[1] Seu rosto lembrava o dos índios sul-americanos 

mal-encarados das aventuras do Tintim. O nariz adunco, a testa 

avançada sobre os olhos fundos, as faces encovadas entre os 

[4] cabelos pretos e lisos que caíam até os ombros. Era difícil 

entender o que aquela gente queria. Leusipo perguntou o que 

eu tinha ido fazer na aldeia. Preferi achar que o tom era 

[7] amistoso e, no meu paternalismo ingênuo, comecei a lhe 

explicar o que era um romance. 

(...)

[10] Não sorria, não demonstrava nenhum gesto ou 

expressão de simpatia. Tinha um olhar impassível e 

determinado. O motivo da sua visita era me encurralar. 

[13] Repetia: “Os velhos estão preocupados”. E eu pensava comigo: 

“O idiota deve ter ouvido alguma coisa e resolveu tomar a 

iniciativa de me pedir satisfação”. As minhas explicações sobre 

[16] o romance eram inúteis. Eu tentava dizer que, para os brancos 

que não acreditam em deuses, a ficção servia de mitologia, era 

o equivalente dos mitos dos índios, e antes mesmo de terminar 

[19] a frase, já não sabia se o idiota era ele ou eu. Ele não dizia nada 

a não ser: “O que você quer com o passado?”. Repetia. E, 

diante da sua insistência bovina, tive de me render à evidência 

[22] de que eu não sabia responder à sua pergunta. Não conseguia 

fazê-lo entender o que era ficção (no fundo, ele não estava 

interessado), nem convencê-lo de que o meu interesse pelo 

[25] passado não teria consequências reais, no final seria tudo 

inventado. 

Bernardo Carvalho. Nove noites. São Paulo: Companhia das Letras, 2002 (com adaptações). 

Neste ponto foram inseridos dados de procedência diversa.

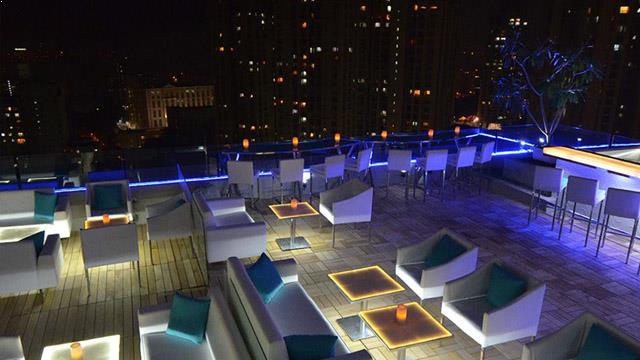 Rooftop bar Breeze Restaurant in Mumbai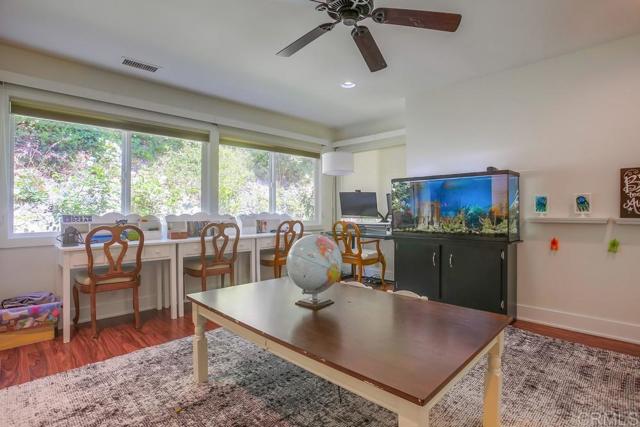 Detail Gallery Image 29 of 55 For 907 Poppy Lane, Carlsbad,  CA 92011 - 4 Beds | 4 Baths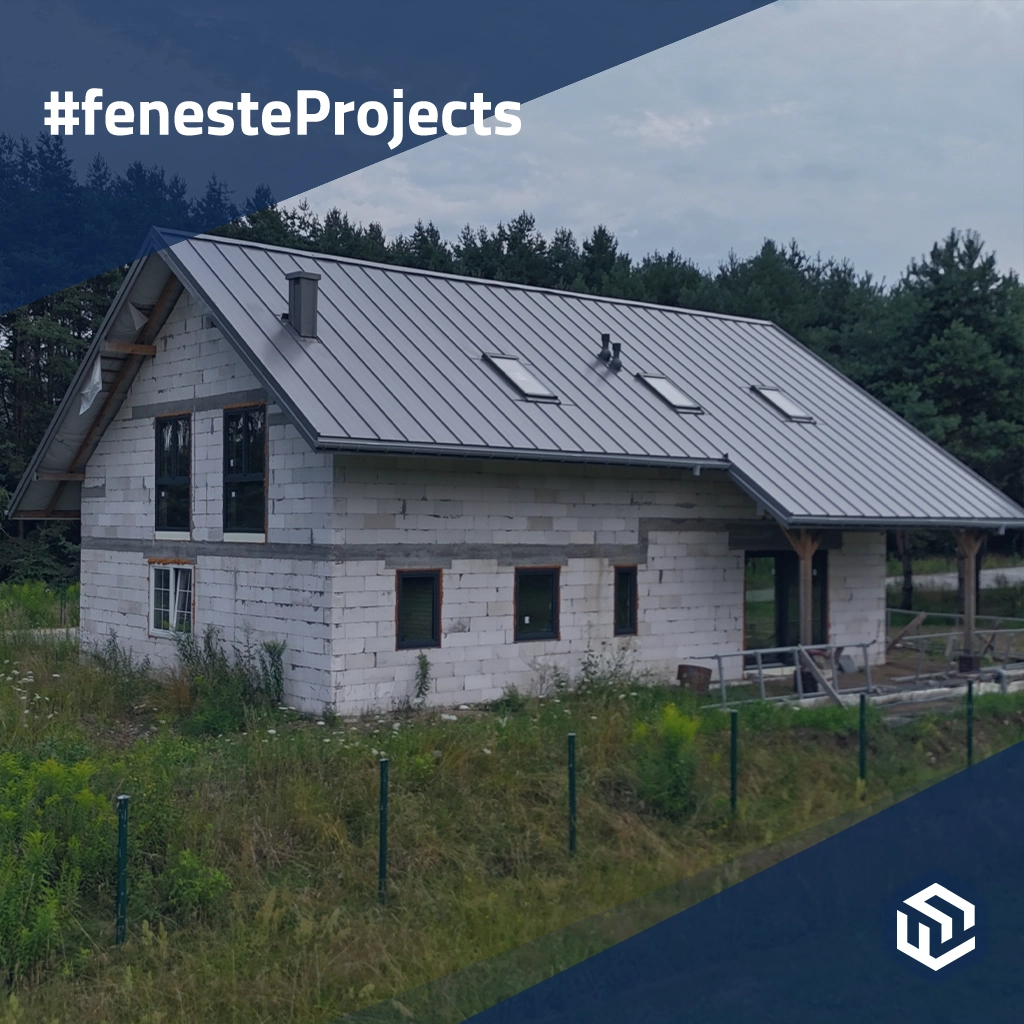 Haus mit Waldblick aus dem SMART-SLIDE-Fenster und funktioneller Garage 🎥. projekte fensterfarben gealan anthrazit-einfarbig-2  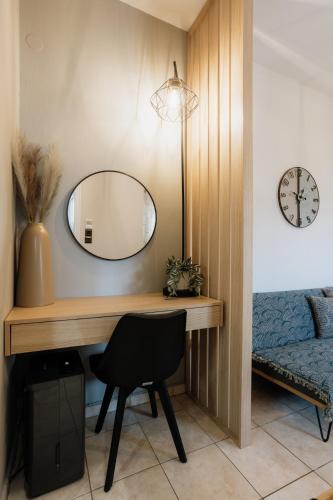 Zoe's Luxury Living
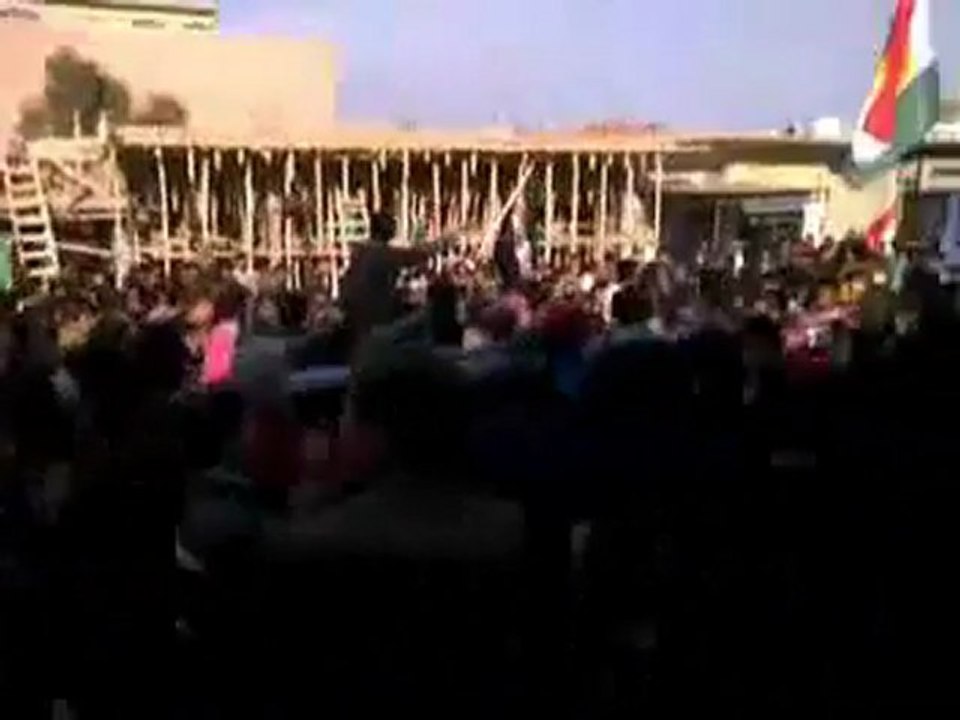 فري برس   عامودا مظاهرة طلابية حاشدة تنادي باسقاط النظام 8 12 2011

Tendo como referência o fragmento acima, do romance Nove noites, de Bernardo Carvalho, julgue o seguinte item.

As alusões do autor a “índios sul-americanos mal-encarados” (l. 1 e 2) e “paternalismo ingênuo” (l.7) são indícios narrativos de que a representação de Leusipo é problemática, dado o olhar pouco empático do narrador frente ao personagem indígena.